How to complete this task: Print the entries that appear below, exactly as written and without their pictures.

Given data:
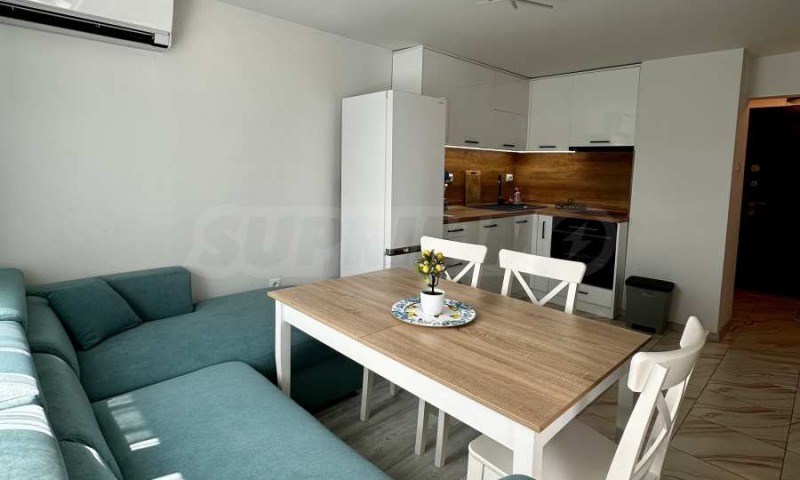 Продава  2-стаен област Бургас , гр. Несебър , 38 кв.м | 91073265 - изображение [2]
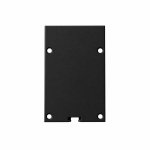 PONTEIRA 5075 PRETA (PAR)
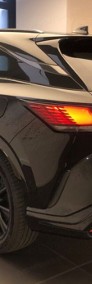 Lexus RX IV 500h F Sport Edition 2.4 Hybrid RX 500h F Sport Edition 2.4 Hybrid |-3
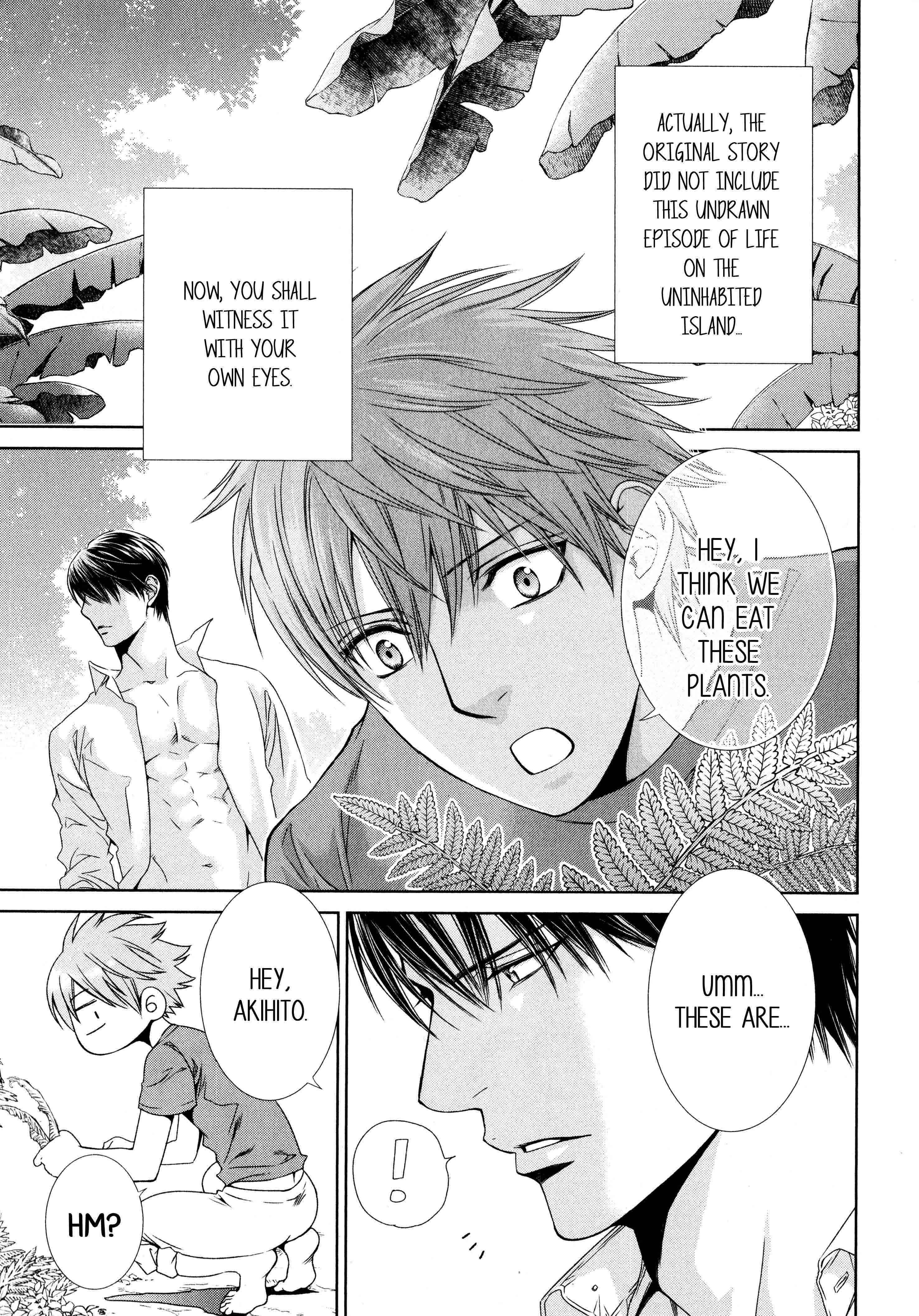 Finder Chapter 62.7 - Page 6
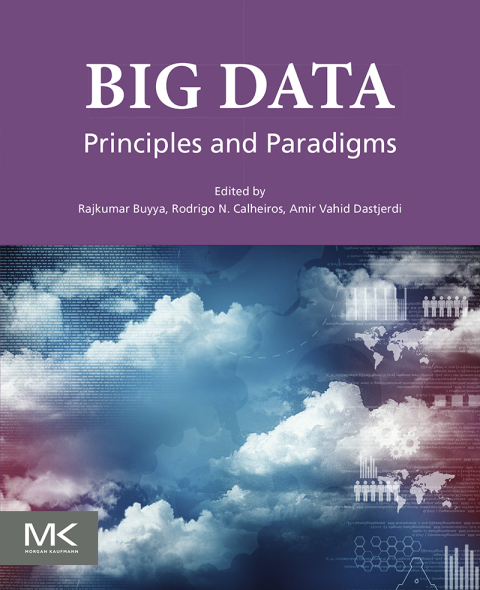 Cover image for book Big Data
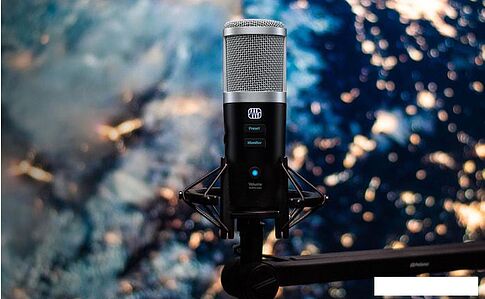 Микрофон PreSonus Revelator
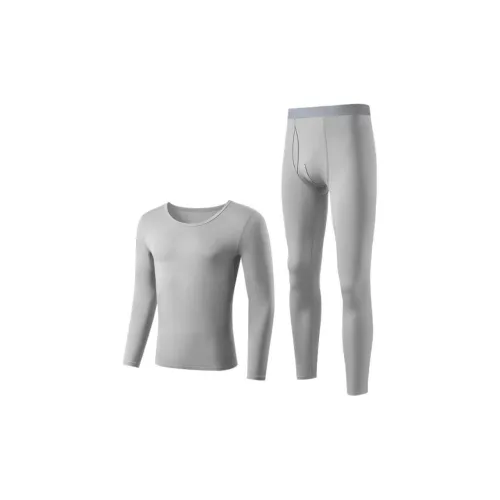 QIAONITONG Мужские термокуртки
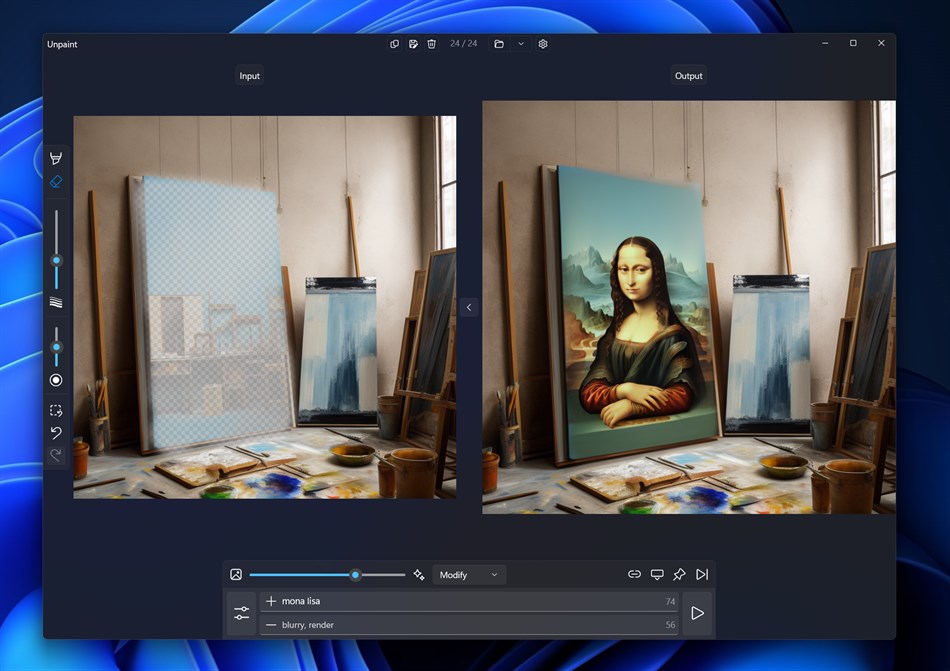 Unpaint (Windows) 由: Axodox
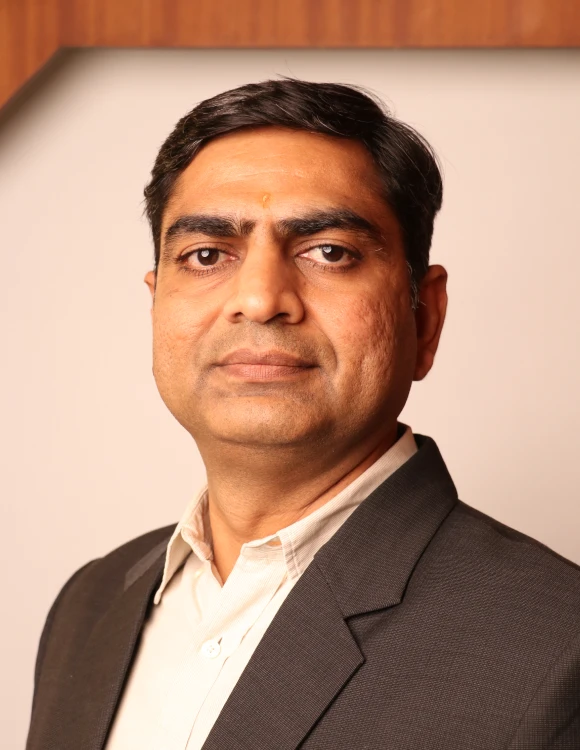AMBRISH PARAJIYA - GAP
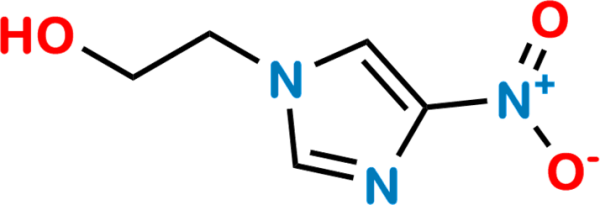 Metronidazole EP Impurity C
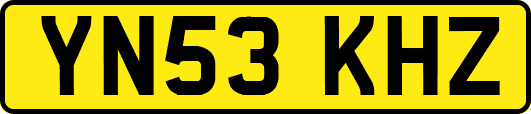 YN53KHZ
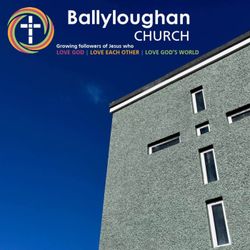 cover art for Ballyloughan Podcast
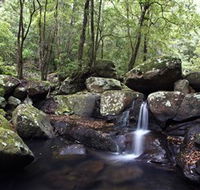 Kangaroo River - Accommodation NSW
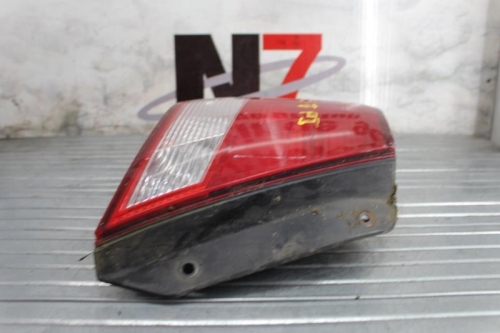 Feu arriere principal gauche (feux) HYUNDAI ACCENT 2 Diesel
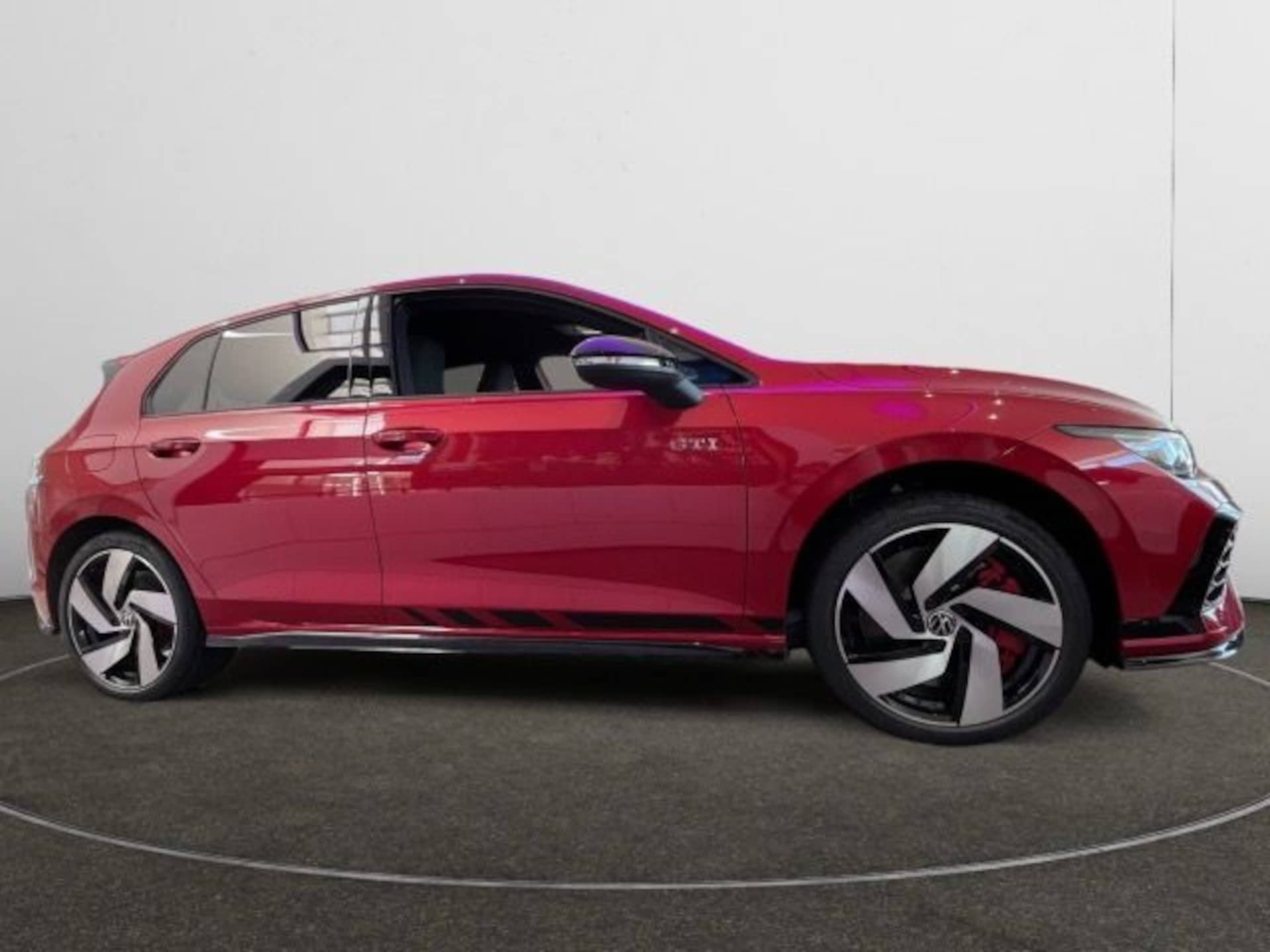 Volkswagen Golf GTI Clubsport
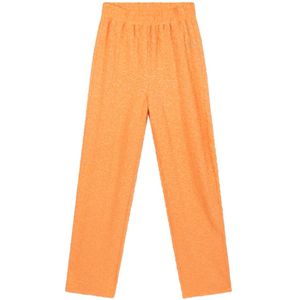 Refined Department, Nova pantalons oranje Oranje, Dames, Maat:XS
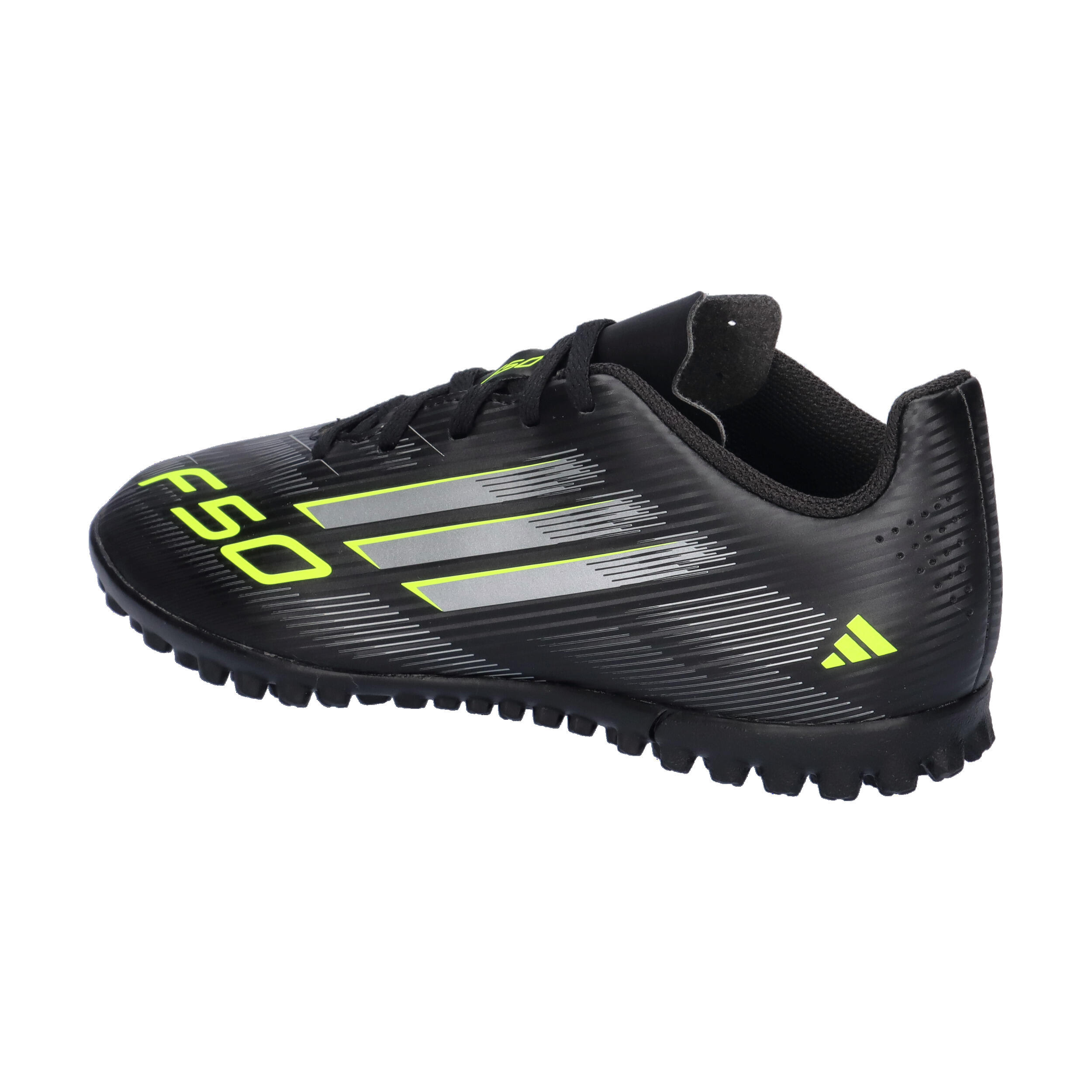 Scarpe calcio per bambini adidas F50 Club Turf 11/15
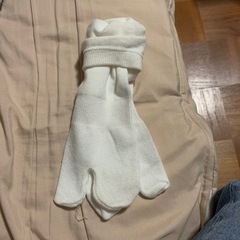 靴下 2セット お譲りします の画像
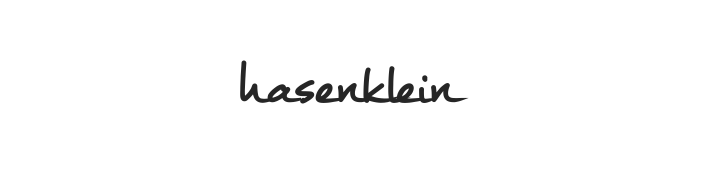 hasenklein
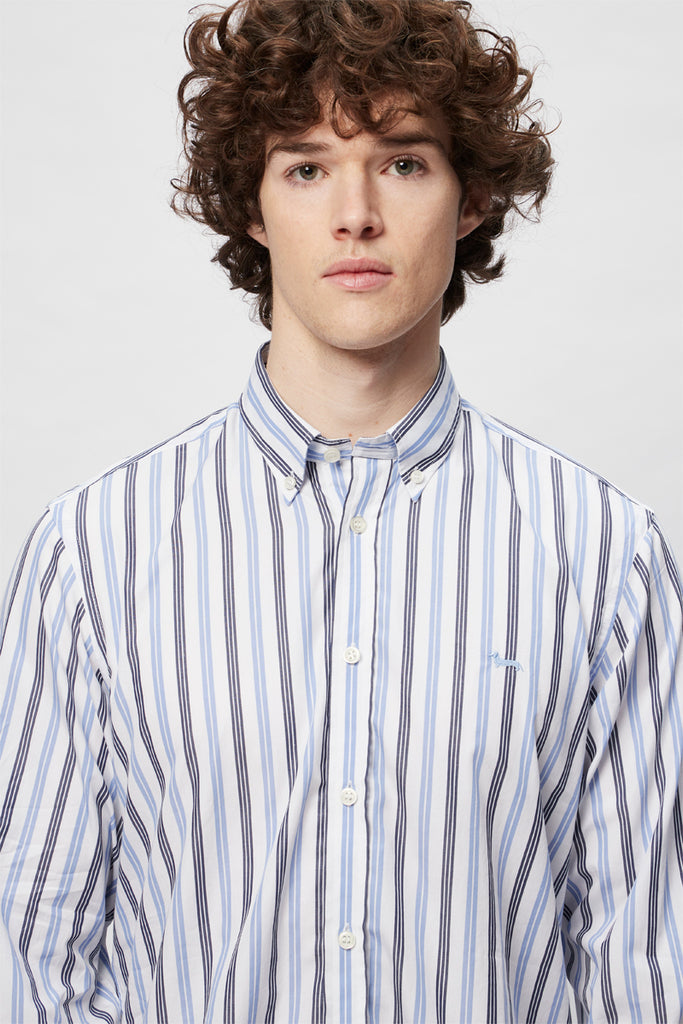 Chemise Blanc - Harmont & Blaine - Homme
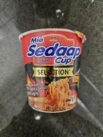 Wingsfood Mie Sedaap Instant Cup Selection Korean Spicy Soup Front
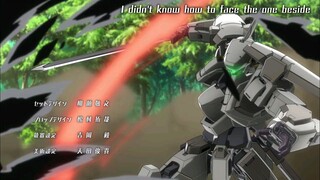 Full  Metal  Panic S3  E11  [ Sub Indo ]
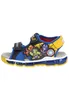 GEOX J SANDAL ANDROID BOY Blau Produktbild-Vorschau 17
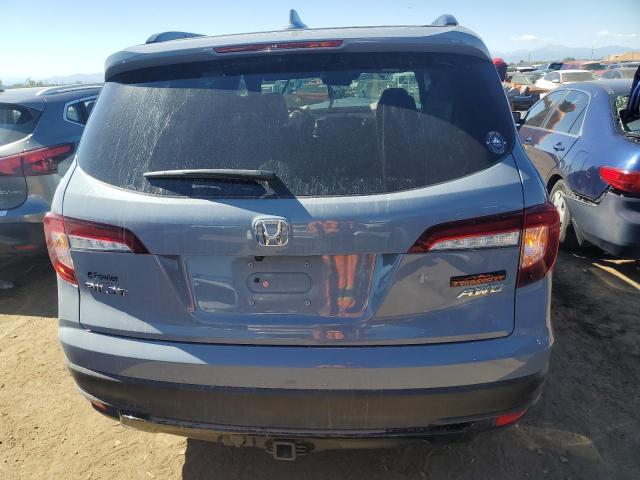 Photo 5 VIN: 5FNYF6H88NB020391 - HONDA PILOT TRAI 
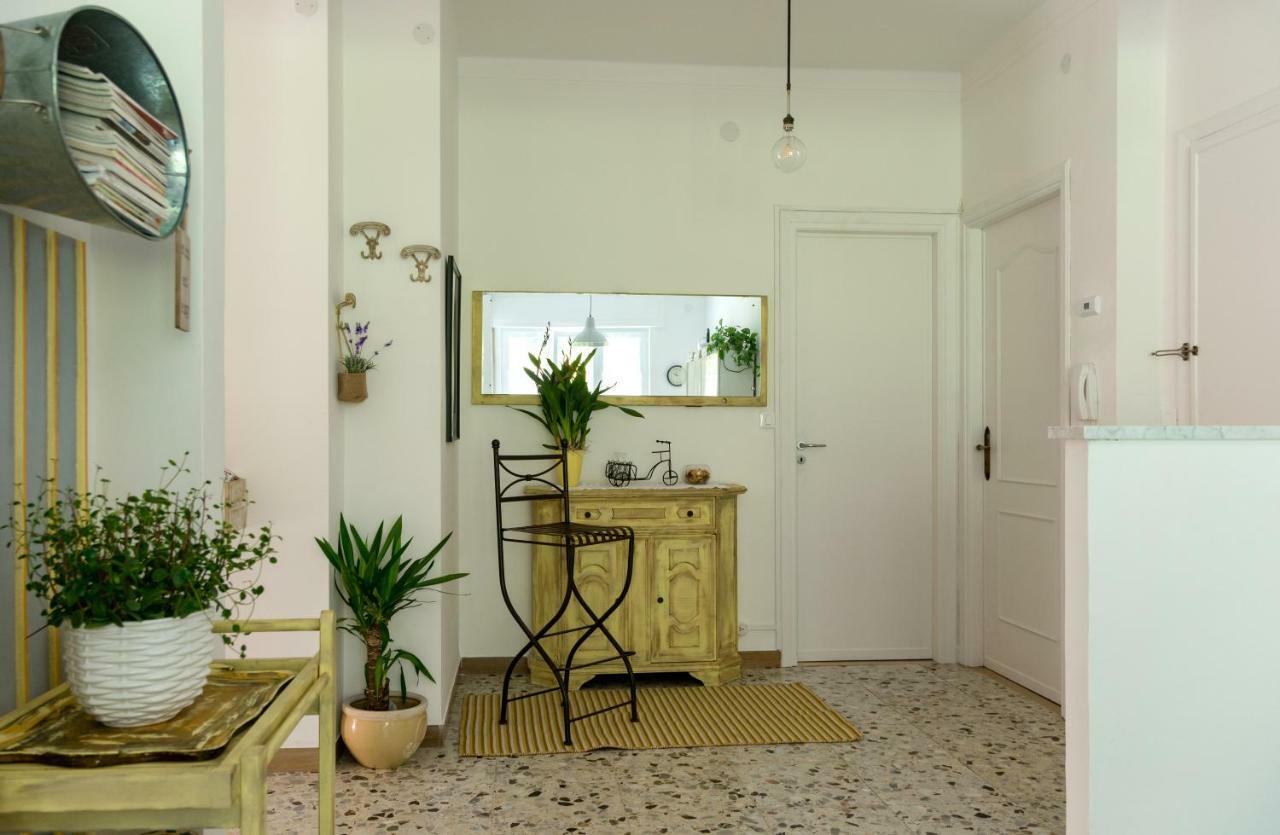 Apartmán La Casa Di Elda Dolceacqua Exteriér fotografie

Response:
 Продава  2-стаен област Бургас , гр. Несебър , 38 кв.м | 91073265 - изображение [2]
 PONTEIRA 5075 PRETA (PAR)
 Lexus RX IV 500h F Sport Edition 2.4 Hybrid RX 500h F Sport Edition 2.4 Hybrid |-3
 Finder Chapter 62.7 - Page 6
 Cover image for book Big Data
 Микрофон PreSonus Revelator
 QIAONITONG Мужские термокуртки
 Unpaint (Windows) 由: Axodox
AMBRISH PARAJIYA - GAP
 Metronidazole EP Impurity C
 YN53KHZ
 cover art for Ballyloughan Podcast
 Kangaroo River - Accommodation NSW
 Feu arriere principal gauche (feux) HYUNDAI ACCENT 2 Diesel
 Volkswagen Golf GTI Clubsport
 Refined Department, Nova pantalons oranje Oranje, Dames, Maat:XS
 Scarpe calcio per bambini adidas F50 Club Turf 11/15
 靴下 2セット お譲りします の画像
 hasenklein
 Chemise Blanc - Harmont & Blaine - Homme
 Wingsfood Mie Sedaap Instant Cup Selection Korean Spicy Soup Front
 Full  Metal  Panic S3  E11  [ Sub Indo ]
 GEOX J SANDAL ANDROID BOY Blau Produktbild-Vorschau 17
 Photo 5 VIN: 5FNYF6H88NB020391 - HONDA PILOT TRAI 
 Apartmán La Casa Di Elda Dolceacqua Exteriér fotografie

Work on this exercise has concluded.